Retira sus manos lentamente y yo me obligó a soltarlo cuando no me queda más opción, apoya los codos sobre las rodillas, atento, yo llevo una mano a mis clavículas y busco a tientas el dije, aún no sé que sentir, me rasco con las llemas entre mis clavículas, trago y parpadeo desviando la vista, me limpio las palmas sobre el pantalón.
Carlos me toma de una mano y me levanta, después pasa su brazo sobre mi hombro; las pocas personas que quedan están acomodando las bancas contra las paredes y hay algunos acostados en ellas, como si fueran a dormir ahí.
— No hay suficientes camas y a algunos les gusta dormir aquí afuera, sobre todo cuando hace calor.

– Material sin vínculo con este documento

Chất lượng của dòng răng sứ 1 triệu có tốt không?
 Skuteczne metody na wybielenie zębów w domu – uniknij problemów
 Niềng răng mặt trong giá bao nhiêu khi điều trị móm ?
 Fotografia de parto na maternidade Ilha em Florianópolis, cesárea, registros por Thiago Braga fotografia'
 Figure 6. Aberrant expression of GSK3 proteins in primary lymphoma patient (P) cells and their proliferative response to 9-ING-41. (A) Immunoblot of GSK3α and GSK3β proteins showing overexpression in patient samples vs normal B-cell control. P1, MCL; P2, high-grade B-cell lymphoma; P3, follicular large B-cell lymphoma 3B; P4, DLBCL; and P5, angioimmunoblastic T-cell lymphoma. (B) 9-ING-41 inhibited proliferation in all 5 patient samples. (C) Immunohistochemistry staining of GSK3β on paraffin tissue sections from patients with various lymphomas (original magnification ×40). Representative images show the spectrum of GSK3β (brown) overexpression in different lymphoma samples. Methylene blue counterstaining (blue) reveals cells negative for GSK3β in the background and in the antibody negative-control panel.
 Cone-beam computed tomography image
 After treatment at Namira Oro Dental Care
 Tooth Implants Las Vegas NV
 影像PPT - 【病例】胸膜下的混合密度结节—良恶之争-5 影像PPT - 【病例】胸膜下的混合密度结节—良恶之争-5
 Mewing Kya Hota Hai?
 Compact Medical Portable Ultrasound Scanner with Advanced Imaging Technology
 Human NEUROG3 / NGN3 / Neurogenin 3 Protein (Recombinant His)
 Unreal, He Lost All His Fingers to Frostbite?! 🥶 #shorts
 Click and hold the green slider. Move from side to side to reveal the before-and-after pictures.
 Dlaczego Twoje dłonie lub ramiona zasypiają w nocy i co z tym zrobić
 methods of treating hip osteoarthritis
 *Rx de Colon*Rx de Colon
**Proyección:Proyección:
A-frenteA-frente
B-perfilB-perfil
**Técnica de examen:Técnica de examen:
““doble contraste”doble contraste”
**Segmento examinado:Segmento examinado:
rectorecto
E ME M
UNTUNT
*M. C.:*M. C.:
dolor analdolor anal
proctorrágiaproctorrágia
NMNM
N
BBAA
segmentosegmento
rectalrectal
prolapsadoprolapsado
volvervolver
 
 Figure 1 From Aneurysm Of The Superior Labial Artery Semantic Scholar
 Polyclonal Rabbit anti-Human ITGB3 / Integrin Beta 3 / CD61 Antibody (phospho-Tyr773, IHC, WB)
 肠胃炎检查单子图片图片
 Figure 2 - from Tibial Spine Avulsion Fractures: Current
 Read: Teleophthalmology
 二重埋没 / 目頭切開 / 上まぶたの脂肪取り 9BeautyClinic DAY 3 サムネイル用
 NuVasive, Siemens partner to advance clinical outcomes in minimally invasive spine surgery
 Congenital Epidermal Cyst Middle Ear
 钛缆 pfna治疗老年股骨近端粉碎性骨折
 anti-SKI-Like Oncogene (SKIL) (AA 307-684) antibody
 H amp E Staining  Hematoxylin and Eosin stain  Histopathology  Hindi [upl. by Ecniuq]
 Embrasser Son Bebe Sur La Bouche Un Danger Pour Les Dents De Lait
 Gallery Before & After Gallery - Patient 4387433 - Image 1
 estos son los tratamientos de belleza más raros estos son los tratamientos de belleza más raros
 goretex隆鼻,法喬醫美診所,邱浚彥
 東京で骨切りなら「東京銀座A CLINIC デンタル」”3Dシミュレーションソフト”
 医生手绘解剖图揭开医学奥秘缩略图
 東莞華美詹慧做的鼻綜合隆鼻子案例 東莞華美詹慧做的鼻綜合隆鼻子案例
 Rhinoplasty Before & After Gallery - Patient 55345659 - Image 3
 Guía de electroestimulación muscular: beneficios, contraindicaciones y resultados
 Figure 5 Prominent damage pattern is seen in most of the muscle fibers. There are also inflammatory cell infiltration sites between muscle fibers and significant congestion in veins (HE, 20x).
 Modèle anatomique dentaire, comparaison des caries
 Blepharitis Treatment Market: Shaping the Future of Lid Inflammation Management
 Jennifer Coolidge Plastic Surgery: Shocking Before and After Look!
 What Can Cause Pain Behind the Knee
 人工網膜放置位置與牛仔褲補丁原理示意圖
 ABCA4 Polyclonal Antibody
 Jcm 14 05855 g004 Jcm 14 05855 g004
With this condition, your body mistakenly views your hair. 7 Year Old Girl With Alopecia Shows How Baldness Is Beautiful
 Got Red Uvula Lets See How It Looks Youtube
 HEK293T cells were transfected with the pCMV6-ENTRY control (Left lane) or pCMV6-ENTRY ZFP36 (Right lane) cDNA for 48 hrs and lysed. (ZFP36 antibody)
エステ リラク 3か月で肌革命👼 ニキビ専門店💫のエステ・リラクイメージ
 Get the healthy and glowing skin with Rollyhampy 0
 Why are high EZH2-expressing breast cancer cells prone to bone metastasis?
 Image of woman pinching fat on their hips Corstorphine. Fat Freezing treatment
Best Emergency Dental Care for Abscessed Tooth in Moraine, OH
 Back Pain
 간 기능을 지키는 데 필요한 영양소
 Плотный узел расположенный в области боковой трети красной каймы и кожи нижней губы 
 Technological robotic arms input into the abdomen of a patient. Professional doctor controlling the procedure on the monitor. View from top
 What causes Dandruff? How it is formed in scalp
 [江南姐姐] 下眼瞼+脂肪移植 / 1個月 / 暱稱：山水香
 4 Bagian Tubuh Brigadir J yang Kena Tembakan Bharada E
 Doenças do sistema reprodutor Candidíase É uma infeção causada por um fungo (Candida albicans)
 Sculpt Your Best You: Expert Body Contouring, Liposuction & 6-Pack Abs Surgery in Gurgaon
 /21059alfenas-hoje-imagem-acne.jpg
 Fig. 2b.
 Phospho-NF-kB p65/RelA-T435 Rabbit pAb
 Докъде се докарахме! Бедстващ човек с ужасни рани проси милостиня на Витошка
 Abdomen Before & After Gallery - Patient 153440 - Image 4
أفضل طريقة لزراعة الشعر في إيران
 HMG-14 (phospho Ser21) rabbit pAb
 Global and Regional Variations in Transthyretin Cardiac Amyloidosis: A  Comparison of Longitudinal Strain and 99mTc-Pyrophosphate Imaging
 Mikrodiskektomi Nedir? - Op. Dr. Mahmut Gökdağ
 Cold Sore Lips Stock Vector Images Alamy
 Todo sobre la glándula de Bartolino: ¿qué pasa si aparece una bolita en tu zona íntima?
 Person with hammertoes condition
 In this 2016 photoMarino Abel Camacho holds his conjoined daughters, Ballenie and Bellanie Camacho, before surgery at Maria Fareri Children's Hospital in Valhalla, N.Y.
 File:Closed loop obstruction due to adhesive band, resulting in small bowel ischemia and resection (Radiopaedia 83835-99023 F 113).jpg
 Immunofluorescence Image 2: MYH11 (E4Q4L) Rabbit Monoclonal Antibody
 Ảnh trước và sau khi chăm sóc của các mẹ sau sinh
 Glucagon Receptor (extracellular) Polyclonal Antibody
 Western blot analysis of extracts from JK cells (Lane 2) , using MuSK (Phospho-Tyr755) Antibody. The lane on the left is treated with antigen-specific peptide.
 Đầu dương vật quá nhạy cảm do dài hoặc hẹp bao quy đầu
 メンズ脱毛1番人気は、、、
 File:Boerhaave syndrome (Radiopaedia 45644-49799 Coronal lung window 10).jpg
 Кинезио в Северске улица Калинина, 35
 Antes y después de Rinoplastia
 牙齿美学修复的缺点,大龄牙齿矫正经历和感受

Pero estos días te toca una cama, en lo que te adaptas a todo.
Me lleva hasta un pequeño edificio, en el camino me señala una habitación/departamento y me dice que ahí se queda él, que puedo ir a verle cuando quiera;  me indica en donde están los baños y me lleva hasta mi cama, comparto una litera  con alguien que ya está acostado en la cama de arriba, es una habitación con hileras de literas en toda la estancia; me deja y se va. Hay mucha gente y mucho ruido, las personas me miran y eso me pone nerviosa, planeo acostarme ya para no ver cómo me señalan pero llega una chica más o menos de mi edad, de cabello café casi negro, morena, me sonríe.
— Hola.
— Hola. — le sonrió un poco.
— Escuché que te tocó con Carlos, es una buena persona. — se sienta en la cama y yo me siento en el otro extremo.
— Sí, ¿tú estás en su manada?
— No, pero he escuchado que se llevan bien, aunque es el que menos miembros tiene, bueno, de los líderes más importantes. — me mira, no sé que responder a eso, digo »oh« porque no se que más decir. Me mira y ladea un poco la cabeza — ¿Eres una nacida o una conversa? ¿Tenías una manda antes, de dónde eran? Oh, no tienes que contestar si no quieres; soy Ana, bueno Anahí pero casi nadie me dice así, ¿Cómo te llamas?
— Amh, Daniela.
— ¿Puedo decirte Dani, o prefieres Daniela?
— Cualquiera de los dos me gusta. — digo encogiendome de hombros.
— Bueno, Dani, ¿qué te parece el lugar?
— No lo sé, aún no lo conozco.
— Bueno, mañana vamos a desayunar juntas, no te preocupes Carlos también estará en el comedor. Oh, otra cosa, para tener una cama debes llegar pronto y apartar alguna, puedes elegir la que quieras, o la que esté disponible, en la mañana dejan de ser tu cama y después de la cena debes apartar una; — se para para irse, pero añade como si se le acabara de ocurrir: — no dejes que nadie te diga que la cama que elijas es suya si no está apartada. Descansa.
— Igual, gracias. — se va.
— Tiene razón. — brinco por el susto, una voz masculina habla detrás de mí, me giro y hay un chico que se ve más o menos de mi edad pero mucho más alto recargado en el poste de la cama, viendo hacia mí. — Soy Eric, Carlos me pidió apartar la cama — señala un paliacate rojo atado en el poste a la altura del colchón, lo desata. —, si vas a ir al baño o algo, ata algo más, para que sepan que está apartada y no te la roben. — se va.
Saco la playera que traigo en la mochila y la amarro, después me llevo la mochila al baño; cuando regreso me acomodo para dormir como la noche anterior, me tapo la cara con la capucha y con un brazo.
Intento comprender todo lo que ha pasado y todo lo que significa el estar aquí.